Work to be completed :: Write out the entire listing below exactly as it appears, minus any pictures.

Source material ::
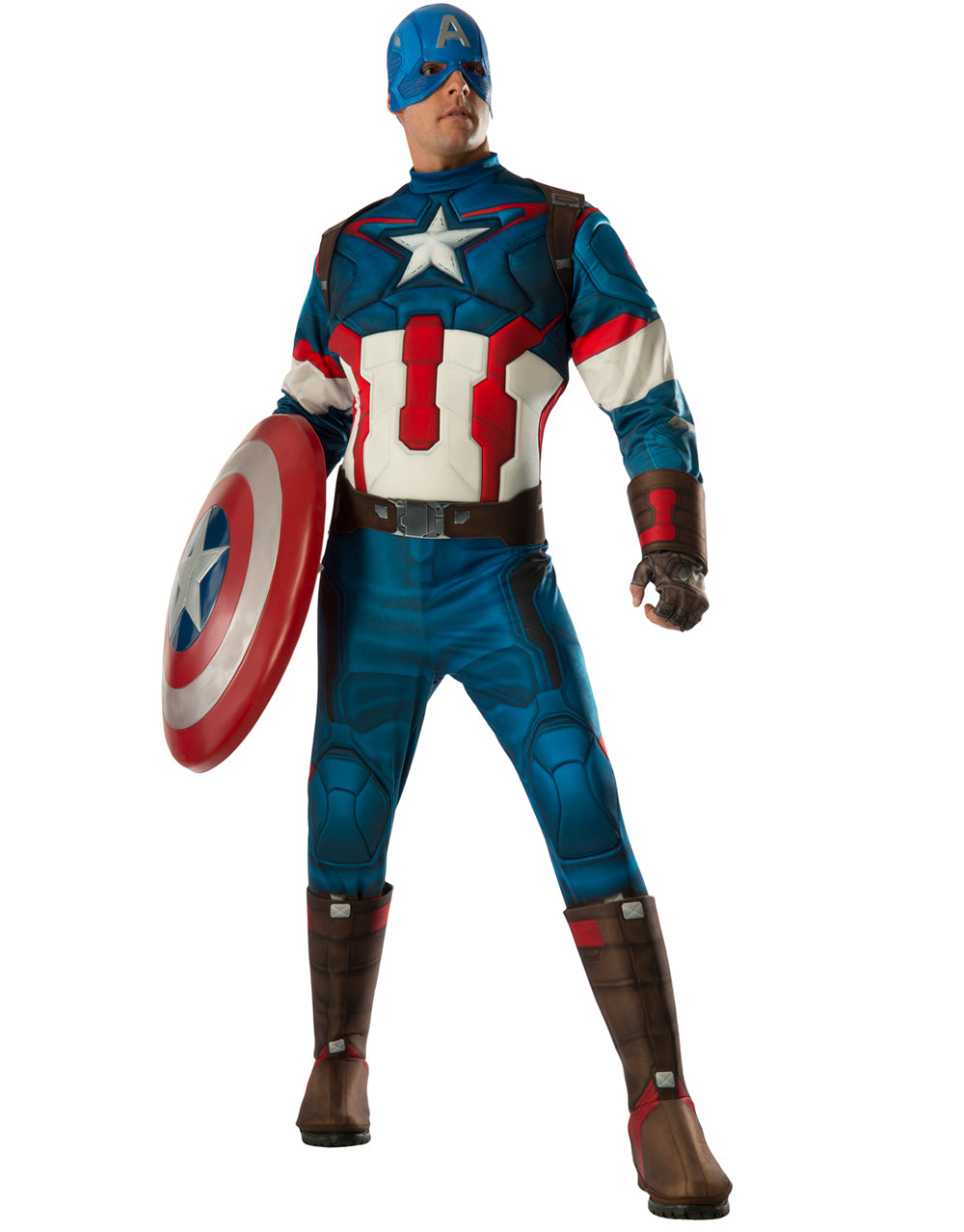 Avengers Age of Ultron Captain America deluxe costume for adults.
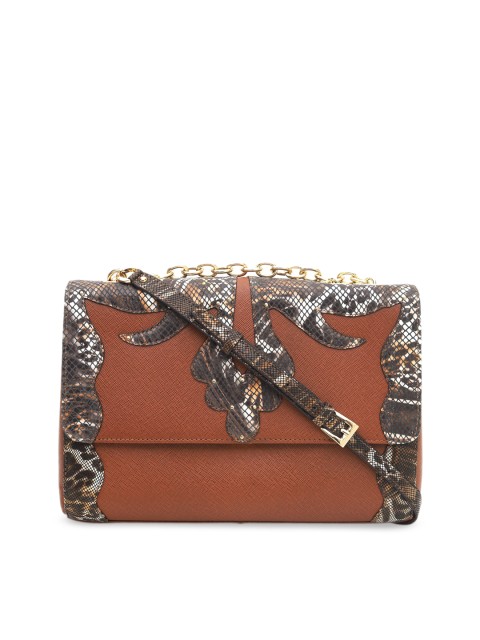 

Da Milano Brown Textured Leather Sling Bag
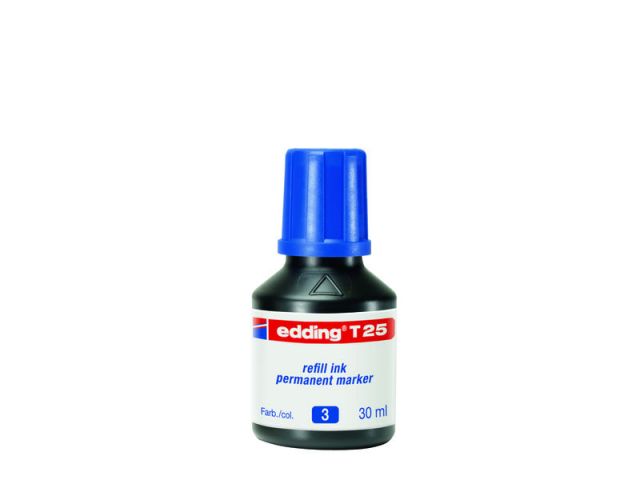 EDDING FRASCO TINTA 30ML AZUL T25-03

Output of the exercise ::
 Avengers Age of Ultron Captain America deluxe costume for adults.

Da Milano Brown Textured Leather Sling Bag
 EDDING FRASCO TINTA 30ML AZUL T25-03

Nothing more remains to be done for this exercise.